There followed discussion as to policies the President should follow with respect to calling Congress into session, asking for a declaration of war, advising the country and authorizing action. Thompson continued to insist that we must communicate with Khrushchev. There was a discussion concerning the President's meeting with Gromyko(8) and the position he should take should the Cuban question come up. The President was advised to draw Gromyko out and it was indicated he probably would receive a flat denial that there were any offensive weapons in Cuba.
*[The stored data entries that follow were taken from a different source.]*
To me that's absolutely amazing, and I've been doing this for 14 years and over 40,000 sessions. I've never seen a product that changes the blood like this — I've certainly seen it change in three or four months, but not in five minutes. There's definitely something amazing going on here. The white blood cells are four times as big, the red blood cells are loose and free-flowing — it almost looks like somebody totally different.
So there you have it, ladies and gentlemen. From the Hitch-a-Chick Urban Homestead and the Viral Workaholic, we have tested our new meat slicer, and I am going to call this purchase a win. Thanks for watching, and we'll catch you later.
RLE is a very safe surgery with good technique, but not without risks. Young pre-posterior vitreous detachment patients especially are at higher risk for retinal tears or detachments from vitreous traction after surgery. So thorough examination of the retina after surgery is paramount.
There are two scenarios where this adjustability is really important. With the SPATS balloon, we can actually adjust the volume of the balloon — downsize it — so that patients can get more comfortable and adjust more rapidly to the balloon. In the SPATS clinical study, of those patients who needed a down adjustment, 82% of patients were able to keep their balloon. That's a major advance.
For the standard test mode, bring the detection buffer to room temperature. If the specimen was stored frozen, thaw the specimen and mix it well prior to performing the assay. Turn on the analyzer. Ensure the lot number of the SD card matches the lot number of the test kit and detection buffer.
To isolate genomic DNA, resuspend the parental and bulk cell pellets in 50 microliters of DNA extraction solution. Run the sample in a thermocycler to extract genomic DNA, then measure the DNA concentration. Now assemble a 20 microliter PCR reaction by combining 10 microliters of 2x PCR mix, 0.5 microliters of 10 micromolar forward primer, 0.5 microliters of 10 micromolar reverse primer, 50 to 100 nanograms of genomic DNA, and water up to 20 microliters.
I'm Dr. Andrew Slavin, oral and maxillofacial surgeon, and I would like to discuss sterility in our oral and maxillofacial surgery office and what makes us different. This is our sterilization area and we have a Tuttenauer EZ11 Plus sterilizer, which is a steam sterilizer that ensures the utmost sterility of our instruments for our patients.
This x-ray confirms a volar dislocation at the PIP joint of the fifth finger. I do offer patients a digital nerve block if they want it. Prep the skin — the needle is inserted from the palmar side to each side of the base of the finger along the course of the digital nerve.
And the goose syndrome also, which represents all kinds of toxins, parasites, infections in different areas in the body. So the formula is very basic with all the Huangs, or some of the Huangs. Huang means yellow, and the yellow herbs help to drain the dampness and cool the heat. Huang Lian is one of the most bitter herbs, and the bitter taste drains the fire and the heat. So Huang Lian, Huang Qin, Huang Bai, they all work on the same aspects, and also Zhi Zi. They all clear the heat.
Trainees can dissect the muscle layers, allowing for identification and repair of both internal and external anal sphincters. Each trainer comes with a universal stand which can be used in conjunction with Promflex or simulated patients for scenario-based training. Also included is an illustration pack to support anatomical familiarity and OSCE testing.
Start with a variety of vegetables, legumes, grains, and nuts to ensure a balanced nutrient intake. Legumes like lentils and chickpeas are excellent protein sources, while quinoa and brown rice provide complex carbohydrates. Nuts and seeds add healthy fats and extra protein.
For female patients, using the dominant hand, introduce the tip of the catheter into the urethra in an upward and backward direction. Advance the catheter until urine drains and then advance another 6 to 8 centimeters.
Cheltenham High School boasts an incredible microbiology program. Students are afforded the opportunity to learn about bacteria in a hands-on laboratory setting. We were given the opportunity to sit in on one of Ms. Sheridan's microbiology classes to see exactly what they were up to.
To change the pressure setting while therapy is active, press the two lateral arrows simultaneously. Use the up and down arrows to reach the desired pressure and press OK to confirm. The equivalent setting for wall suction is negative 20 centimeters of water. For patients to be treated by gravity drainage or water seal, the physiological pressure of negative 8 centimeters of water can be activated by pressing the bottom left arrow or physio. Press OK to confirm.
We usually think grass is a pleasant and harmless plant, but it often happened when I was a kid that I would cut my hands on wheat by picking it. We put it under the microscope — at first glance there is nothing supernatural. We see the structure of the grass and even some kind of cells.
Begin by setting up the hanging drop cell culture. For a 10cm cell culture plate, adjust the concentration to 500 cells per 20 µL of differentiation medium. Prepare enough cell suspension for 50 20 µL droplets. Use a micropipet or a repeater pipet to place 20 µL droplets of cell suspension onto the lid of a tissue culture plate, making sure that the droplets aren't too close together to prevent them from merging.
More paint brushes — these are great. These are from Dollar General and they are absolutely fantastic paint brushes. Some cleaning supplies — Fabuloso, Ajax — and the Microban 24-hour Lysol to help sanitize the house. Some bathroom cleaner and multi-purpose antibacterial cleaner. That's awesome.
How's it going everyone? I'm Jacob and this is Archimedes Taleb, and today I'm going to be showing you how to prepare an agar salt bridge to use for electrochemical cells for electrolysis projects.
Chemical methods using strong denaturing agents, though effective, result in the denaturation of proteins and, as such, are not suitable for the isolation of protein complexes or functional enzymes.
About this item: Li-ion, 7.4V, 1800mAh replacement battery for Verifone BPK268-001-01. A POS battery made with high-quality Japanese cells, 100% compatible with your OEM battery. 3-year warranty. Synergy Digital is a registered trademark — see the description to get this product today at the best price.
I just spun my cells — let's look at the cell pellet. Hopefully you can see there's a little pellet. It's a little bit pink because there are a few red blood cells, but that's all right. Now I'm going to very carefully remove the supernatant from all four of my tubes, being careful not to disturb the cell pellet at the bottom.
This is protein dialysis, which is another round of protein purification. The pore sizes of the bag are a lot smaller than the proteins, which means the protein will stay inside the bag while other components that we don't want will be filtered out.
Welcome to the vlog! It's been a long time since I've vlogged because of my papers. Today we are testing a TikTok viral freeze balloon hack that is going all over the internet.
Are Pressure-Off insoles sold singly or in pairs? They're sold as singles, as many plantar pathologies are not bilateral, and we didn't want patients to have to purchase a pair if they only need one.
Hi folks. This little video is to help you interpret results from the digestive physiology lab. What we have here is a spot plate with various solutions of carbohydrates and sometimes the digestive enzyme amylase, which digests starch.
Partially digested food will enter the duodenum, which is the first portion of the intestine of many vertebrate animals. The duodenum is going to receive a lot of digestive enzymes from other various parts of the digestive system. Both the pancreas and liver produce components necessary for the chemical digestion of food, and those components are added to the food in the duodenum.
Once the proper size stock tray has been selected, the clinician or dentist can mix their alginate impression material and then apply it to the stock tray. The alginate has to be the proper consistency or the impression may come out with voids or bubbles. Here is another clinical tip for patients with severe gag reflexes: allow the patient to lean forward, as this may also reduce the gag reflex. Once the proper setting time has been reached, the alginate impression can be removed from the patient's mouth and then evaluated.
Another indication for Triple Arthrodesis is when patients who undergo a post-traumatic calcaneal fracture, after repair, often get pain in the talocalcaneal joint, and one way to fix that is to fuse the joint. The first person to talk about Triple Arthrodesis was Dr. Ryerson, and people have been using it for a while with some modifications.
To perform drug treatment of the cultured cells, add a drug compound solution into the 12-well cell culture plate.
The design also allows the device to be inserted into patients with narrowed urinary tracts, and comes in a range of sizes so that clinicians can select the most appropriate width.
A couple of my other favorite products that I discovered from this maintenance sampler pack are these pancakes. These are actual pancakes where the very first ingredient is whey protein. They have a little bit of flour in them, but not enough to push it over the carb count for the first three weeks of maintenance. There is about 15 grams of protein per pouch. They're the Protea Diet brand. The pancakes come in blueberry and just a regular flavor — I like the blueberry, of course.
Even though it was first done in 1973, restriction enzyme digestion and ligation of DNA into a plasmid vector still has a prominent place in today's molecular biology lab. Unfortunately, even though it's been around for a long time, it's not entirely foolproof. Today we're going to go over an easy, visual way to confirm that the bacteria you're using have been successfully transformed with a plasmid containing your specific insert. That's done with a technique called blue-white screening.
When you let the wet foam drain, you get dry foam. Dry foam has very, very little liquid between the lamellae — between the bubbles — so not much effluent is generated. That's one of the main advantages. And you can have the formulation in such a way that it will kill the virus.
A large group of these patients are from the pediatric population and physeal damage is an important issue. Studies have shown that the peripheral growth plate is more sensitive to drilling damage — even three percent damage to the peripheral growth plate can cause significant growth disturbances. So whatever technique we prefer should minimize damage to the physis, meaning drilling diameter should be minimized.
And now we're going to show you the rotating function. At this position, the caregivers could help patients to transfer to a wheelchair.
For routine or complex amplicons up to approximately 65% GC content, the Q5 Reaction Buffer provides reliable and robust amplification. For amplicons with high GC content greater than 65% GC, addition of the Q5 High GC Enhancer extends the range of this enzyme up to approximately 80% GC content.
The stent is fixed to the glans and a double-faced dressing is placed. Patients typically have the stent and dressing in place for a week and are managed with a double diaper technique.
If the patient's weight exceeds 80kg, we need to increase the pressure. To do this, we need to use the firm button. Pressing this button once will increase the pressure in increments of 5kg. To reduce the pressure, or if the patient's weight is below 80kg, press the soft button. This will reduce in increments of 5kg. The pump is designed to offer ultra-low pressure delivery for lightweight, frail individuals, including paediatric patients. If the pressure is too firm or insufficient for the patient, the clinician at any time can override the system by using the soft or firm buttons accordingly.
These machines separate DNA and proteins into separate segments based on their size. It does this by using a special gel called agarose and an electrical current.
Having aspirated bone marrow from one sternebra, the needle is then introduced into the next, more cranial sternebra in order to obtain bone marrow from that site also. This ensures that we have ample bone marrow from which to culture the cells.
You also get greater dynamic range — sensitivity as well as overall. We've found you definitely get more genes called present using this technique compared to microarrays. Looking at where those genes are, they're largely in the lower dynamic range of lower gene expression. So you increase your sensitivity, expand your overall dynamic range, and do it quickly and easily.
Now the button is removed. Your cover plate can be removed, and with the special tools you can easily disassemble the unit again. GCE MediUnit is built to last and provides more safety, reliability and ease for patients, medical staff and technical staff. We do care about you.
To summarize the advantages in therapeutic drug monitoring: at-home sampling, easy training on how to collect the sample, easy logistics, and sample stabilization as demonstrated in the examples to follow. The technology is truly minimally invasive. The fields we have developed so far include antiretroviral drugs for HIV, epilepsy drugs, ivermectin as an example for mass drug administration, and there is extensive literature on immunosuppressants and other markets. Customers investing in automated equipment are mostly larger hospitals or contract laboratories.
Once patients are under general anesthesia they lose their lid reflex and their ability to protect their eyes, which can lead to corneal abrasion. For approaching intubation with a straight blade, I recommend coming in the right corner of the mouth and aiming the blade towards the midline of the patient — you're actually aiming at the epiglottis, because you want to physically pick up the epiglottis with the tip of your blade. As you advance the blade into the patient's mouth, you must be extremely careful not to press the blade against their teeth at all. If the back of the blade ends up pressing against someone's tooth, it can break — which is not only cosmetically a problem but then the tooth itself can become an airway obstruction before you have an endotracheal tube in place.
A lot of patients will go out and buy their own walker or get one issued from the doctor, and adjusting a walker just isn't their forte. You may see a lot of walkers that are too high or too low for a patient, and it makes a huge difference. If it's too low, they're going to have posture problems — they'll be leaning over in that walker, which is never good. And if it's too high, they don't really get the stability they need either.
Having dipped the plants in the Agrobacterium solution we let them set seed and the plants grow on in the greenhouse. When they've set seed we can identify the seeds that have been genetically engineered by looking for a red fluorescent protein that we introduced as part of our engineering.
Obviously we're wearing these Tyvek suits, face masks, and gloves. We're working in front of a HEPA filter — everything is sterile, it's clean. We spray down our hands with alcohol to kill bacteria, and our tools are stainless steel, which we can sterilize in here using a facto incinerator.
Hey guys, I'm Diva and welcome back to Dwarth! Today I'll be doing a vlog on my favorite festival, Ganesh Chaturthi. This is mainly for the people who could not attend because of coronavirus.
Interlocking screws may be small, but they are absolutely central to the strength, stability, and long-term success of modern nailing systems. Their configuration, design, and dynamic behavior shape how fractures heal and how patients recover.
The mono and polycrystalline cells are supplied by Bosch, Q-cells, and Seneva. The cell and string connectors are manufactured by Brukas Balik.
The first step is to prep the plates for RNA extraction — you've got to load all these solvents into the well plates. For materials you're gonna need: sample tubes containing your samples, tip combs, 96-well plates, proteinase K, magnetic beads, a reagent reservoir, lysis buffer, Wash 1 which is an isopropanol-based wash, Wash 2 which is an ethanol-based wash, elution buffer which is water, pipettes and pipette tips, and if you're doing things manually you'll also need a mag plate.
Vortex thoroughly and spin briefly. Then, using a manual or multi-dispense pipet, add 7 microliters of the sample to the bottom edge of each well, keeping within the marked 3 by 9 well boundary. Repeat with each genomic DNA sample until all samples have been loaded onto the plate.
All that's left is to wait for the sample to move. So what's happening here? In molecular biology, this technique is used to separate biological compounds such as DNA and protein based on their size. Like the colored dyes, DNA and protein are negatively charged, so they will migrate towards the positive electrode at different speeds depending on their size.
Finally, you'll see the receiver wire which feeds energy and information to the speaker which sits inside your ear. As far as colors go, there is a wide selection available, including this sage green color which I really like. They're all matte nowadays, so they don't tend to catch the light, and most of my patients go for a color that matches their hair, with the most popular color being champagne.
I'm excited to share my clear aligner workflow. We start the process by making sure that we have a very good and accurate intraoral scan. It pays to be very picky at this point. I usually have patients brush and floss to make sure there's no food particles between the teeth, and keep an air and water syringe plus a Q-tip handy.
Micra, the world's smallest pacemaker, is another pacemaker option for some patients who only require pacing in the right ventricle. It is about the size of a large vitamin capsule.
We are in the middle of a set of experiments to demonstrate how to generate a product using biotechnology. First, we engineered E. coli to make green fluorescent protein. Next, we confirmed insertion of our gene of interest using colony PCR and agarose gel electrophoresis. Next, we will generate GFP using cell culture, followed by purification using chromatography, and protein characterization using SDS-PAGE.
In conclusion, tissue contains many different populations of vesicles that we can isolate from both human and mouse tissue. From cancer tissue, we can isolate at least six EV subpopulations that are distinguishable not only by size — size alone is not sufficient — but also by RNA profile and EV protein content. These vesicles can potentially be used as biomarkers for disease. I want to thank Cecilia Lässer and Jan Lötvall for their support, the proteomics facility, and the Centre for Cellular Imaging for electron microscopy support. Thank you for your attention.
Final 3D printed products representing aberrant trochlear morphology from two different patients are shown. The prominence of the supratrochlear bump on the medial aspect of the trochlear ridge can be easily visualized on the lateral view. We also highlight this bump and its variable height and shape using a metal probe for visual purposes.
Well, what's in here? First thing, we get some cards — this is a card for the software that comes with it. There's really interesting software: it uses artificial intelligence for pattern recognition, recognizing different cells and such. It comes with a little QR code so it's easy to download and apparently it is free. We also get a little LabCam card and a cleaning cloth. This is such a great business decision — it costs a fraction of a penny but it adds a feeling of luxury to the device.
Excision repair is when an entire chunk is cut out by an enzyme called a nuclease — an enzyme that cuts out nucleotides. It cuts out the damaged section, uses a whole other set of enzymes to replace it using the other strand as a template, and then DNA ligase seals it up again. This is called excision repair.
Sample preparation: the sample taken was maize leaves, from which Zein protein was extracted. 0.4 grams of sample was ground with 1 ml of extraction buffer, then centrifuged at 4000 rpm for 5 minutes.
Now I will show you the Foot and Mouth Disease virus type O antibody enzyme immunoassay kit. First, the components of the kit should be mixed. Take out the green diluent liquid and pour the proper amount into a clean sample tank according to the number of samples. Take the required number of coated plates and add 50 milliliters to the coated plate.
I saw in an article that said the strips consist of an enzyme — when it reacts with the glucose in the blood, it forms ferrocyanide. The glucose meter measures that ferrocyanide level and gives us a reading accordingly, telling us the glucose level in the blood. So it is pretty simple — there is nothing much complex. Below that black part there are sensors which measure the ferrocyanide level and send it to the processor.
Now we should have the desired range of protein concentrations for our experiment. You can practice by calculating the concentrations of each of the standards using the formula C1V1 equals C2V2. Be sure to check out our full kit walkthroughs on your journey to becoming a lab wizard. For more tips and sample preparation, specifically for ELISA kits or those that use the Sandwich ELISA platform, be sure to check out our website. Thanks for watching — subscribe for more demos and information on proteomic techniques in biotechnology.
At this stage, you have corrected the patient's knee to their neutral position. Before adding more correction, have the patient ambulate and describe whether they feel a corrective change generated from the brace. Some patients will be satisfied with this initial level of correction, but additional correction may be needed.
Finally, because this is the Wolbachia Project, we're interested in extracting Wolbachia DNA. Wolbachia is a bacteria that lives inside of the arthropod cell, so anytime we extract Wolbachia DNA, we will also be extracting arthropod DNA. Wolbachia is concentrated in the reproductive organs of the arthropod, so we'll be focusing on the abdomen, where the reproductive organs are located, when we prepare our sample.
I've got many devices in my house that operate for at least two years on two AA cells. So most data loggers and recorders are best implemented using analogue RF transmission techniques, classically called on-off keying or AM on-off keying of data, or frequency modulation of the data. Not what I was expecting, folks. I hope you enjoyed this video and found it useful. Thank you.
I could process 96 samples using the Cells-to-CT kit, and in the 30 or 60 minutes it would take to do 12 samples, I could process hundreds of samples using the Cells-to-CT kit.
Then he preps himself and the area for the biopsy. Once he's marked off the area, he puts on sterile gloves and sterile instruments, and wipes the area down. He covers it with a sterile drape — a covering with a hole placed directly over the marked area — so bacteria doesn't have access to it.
Meeting adjourned with the President requesting that we organize into two groups. One to study the advantages of what might be called a slow course of action which would involve a blockade to be followed by such further actions as appeared necessary as the situation evolved. Second would be referred to as a fast dynamic action which would involve the strike of substantial proportions with or without notice.

John A. McCone(9)

1 Apparent reference to the "Wheeler Report," October 17, reproduced in CIA Documents on the Cuban Missile Crisis, 1962, pp. 175-180. Back

2 At this point in the source text "Wed.?" and "Thursday?" are written for "Tuesday" and "Wednesday" and a marginal note indicates that the DCI did not attend the October 16 meeting or the one on Wednesday, October 17, in Under Secretary Ball's Conference Room. Back

3 Presumably McCone is referring to papers entitled "Plan I, Limited One-Time Strike (50 Sorties) Against MRBM Sites," and "II, Blockade," undated. (Kennedy Library, Sorensen Papers, Classified Subject Files, Cuba, Subjects, Standing Committee, 9/62-10/62) See the Supplement. Back

4 Bohlen was on his way to Paris to assume the position of Ambassador. The message has not been found. Back

5 Presumably a reference to Document 27. Back

6 In an October 17 memorandum to Martin, Hilsman noted that the Bureau of Intelligence and Research had considered Ambassador Thompson's suggestion that the United States "make a declaration of war against Cuba which would be followed by no immediate offensive action other than the isolation of the island by naval blockage." Hilsman concluded that the idea had "very considerable merit." (Department of State, Central Files, 737.56361/10-2062) Back

7 McCone briefed the group on his meeting at noon on October 17, at which Eisenhower also urged decisive rather than limited action. (Kennedy Library, President's Office Files, Presidential Recordings, No. 30.2) A memorandum for the file by McCone is in Central Intelligence Agency, DCI/McCone Files, Job 80-B01285A, Memos for the Record, 24 Sept.-31 Dec., 1962. It is also reproduced in CIA Documents on the Cuban Missile Crisis, 1962, pp. 167-168. Back

8 See Document 29. Back

9 Printed from a copy that bears this typed signature. Back

Source: Central Intelligence Agency, DCI/McCone Files, Job 80-B01285A, Meetings with the President. Top Secret. Drafted by McCone. The source text bears the handwritten notation "1100 AM-10-18-62 w/the President et al." Also reproduced in CIA Documents on the Cuban Missile Crisis, 1962, pp. 183-186. A tape recording of this meeting is available in the Kennedy Library, President's Office Files, Presidential Recordings, No. 30.2 and 30a.1. The recording makes it clear that McCone's account is a summarized version that excludes his own comments and observations.